Explanation: x = 2^{3}=8. Then log_{4}(8)= ln8/ln4 = (3ln2)/(2ln2)=3/2=1.5. Question 64. Find the value of x that satisfies 3^{x+2}=27·3^{x}. A) x=1 B) x=0 C) x=−1 D) No solution** Answer: B Explanation: 27 = 3^{3}. Equation becomes 3^{x+2}=3^{3}·3^{x}=3^{x+3}. Thus exponents equal: x+2 = x+3 ⇒ 2=3, impossible. Wait check: Actually 27·3^{x}=3^{3}·3^{x}=3^{x+3}. So equality requires x+2 = x+ ⇒ contradiction, no solution. So D. Answer: D Explanation: No real x satisfies the equation because the bases are the same but exponents differ by 1. Question 65. Which of the following is the correct antiderivative of f(x)=1/x? A) ln|x| + C B) 1/(x^2) + C C) x·ln x + C D) e^{x} + C** Answer: A Explanation: ∫1/x dx = ln|x| + C. Question 66. If y = log_{10}(x) + 2, what is the x‑intercept?
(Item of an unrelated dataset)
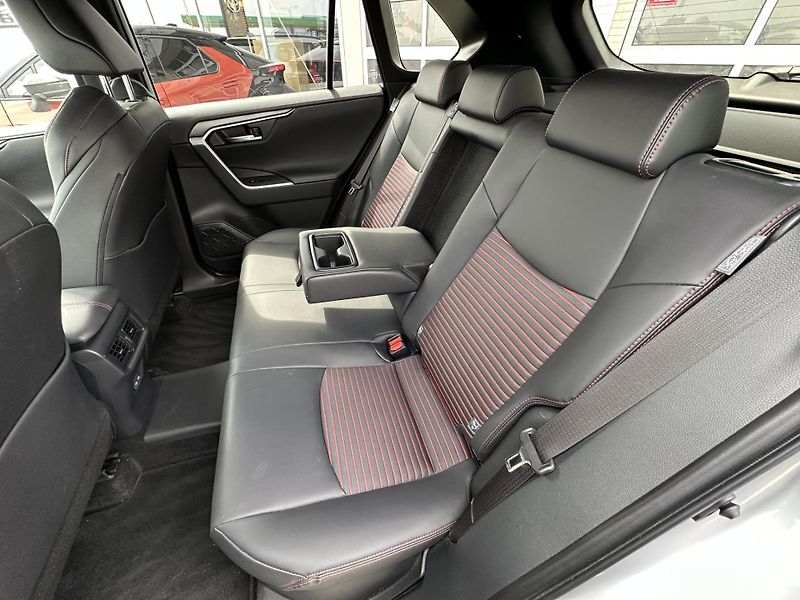 Toyota RAV4 (2025) 2.5 PHEV - SELECTION - fotka 17 z 25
A) (0.01,0) B) (0.1,0) C) (1,0) D) (100,0)** Answer: B Explanation: Set y=0 ⇒ log_{10}(x)+2=0 ⇒ log_{10}(x)=− 2 ⇒ x=10^{−2}=0.01. Wait that's 0.01. Option A. Answer: A Explanation: As shown, x=0.01 gives y=0. Question 67. Which property justifies the step: a^{m}·a^{n}=a^{m+n}?

Equations Exam

Question 72. If y = 5^{x} – 5^{−x}, which point lies on the graph? A) (0,0) B) (1,0) C) (−1,0) D) (2,0)** Answer: A Explanation: At x=0, 5^{0}=1 and 5^{0}=1, so y=1−1=0. Question 73. Which of the following is the correct derivative of y = log_{2}(x^3)? A) 3/(x·ln2) B) 3·ln2 / x C) 3·x·ln2 D) 1/(3x·ln2)** Answer: A Explanation: log_{2}(x^3)= (3 ln x)/ln2 ⇒ derivative = (3/x)/ln2 = 3/(x·ln2). Question 74. Solve for x: 10^{2x}=0.001. A) x=−1.5 B) x=−3 C) x=−0.5 D) x=1.5** Answer: A Explanation: 0.001 = 10^{−3}. So 10^{2x}=10^{−3} ⇒ 2x=− 3 ⇒ x=−1.5. Question 75. If f(x)=e^{x} and g(x)=ln(x), what is f(g(7))? A) 7 B) e^{7} C) ln(7) D) 1** Answer: A Explanation: g(7)=ln(7); then f(ln(7))=e^{ln(7)}=7. Question 76. Which of the following represents the solution to the equation 4^{x}=2^{x+2}? A) x=2 B) x=4 C) x=1 D) x=0**

Equations Exam

Answer: C Explanation: Write 4^{x}=(2^2)^{x}=2^{2x}. Equation: 2^{2x}=2^{x+2} ⇒ 2x = x+2 ⇒ x=2. Wait x=2, option A. Let's correct. Answer: A Explanation: Solving gives x=2. Question 77. What is the domain of the function h(x)=log_{5}(x^2−4)? A) x>2 or x<−2 B) x>4 C) x≠±2 D) All real numbers** Answer: A Explanation: Argument must be positive: x^2−4>0 ⇒ (x−2)(x+2)>0 ⇒ x>2 or x<−2. Question 78. If y = 3^{x} + 3^{−x}, what is the minimum value of y? A) 2 B) 0 C) 1 D) √2** Answer: A Explanation: By AM≥GM, 3^{x}+3^{−x} ≥ 2√(3^{x}·3^{−x}) = 2. Minimum occurs at x=0. Question 79. Which of the following is the correct simplification of log_{2}(8)·log_{8}(2)? A) 1 B) 2 C) 3 D) 4** Answer: A Explanation: log_{2}(8)=3, log_{8}(2)=1/3; product =1.